§ **WHAT THIS TASK INVOLVES**: Give back the listing in full and exactly, leaving out the images.
::: DATA
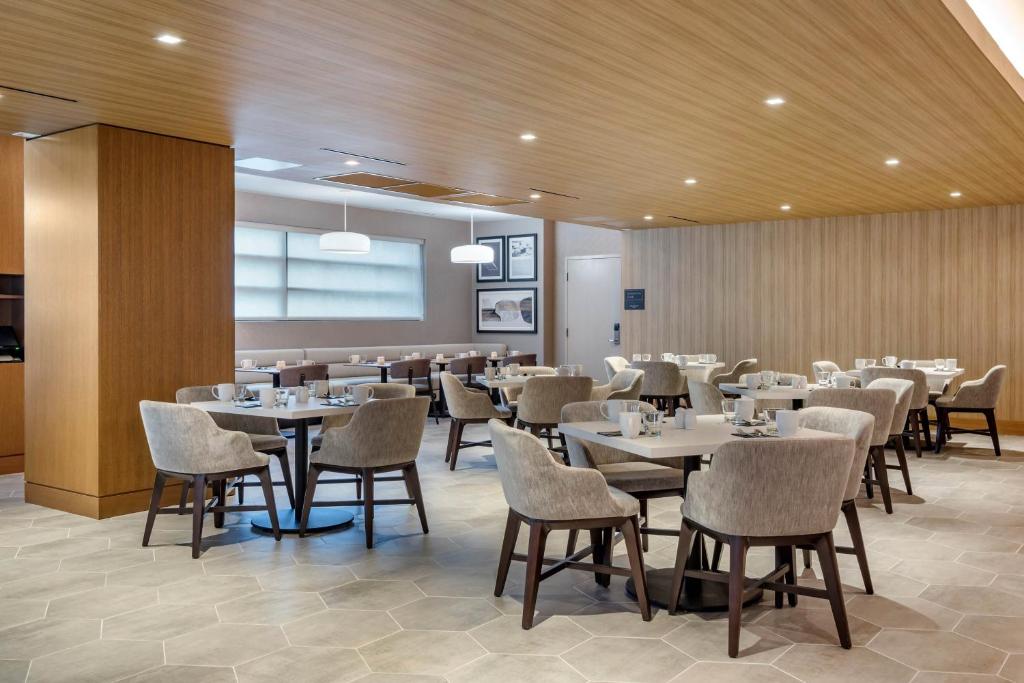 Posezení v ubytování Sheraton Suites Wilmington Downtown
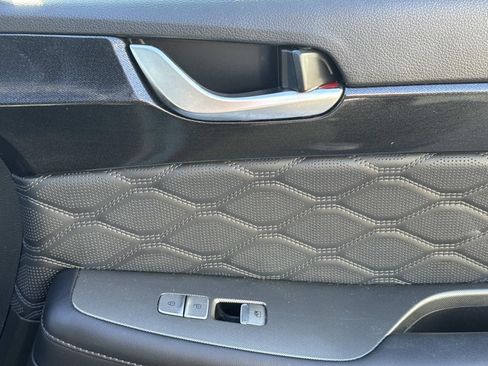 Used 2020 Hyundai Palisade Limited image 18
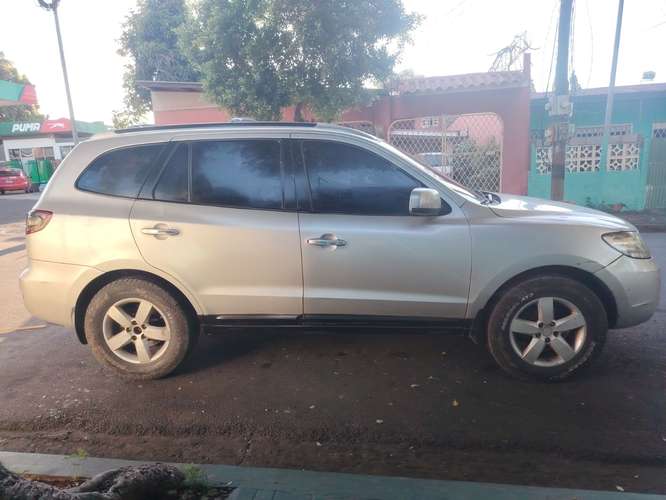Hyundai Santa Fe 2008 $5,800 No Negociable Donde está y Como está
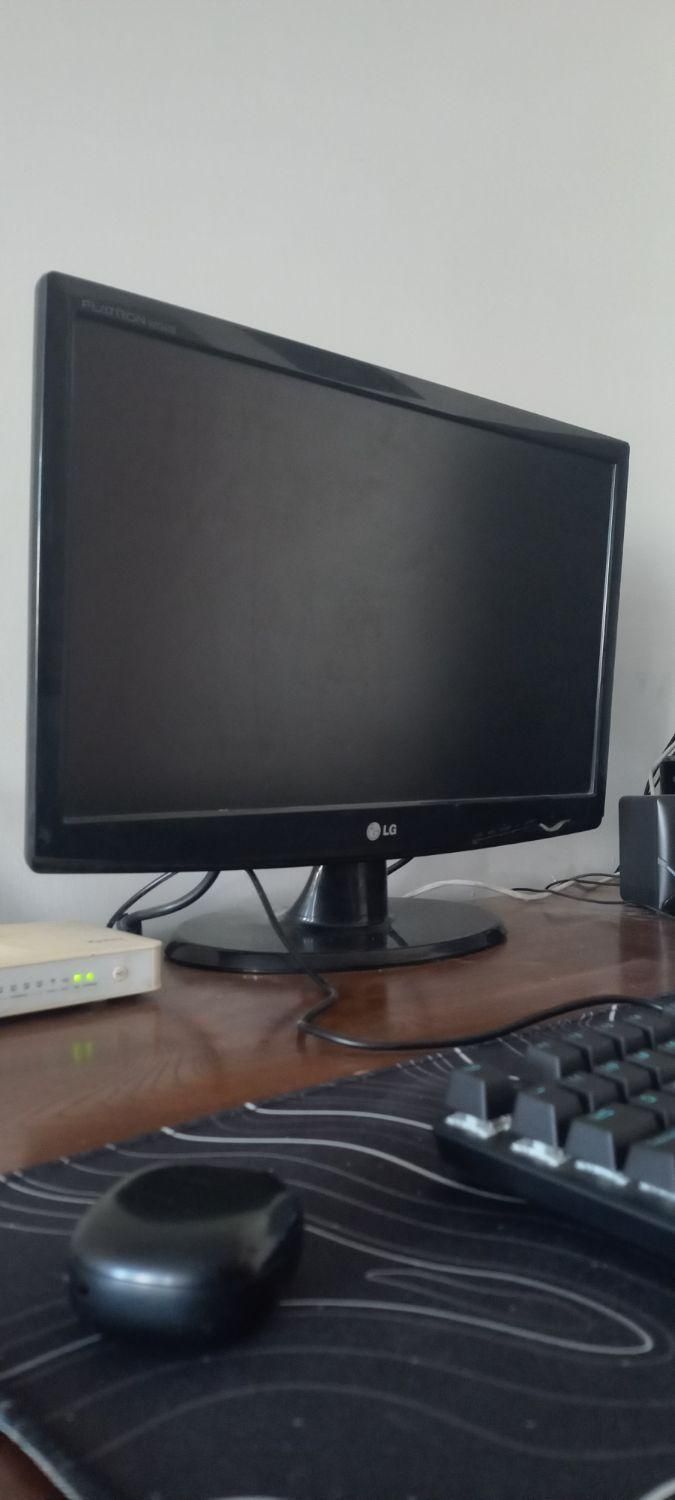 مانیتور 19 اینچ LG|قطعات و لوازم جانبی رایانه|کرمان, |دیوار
::::::
§ **TASK RESULT**:
 Posezení v ubytování Sheraton Suites Wilmington Downtown
 Used 2020 Hyundai Palisade Limited image 18
Hyundai Santa Fe 2008 $5,800 No Negociable Donde está y Como está
 مانیتور 19 اینچ LG|قطعات و لوازم جانبی رایانه|کرمان, |دیوار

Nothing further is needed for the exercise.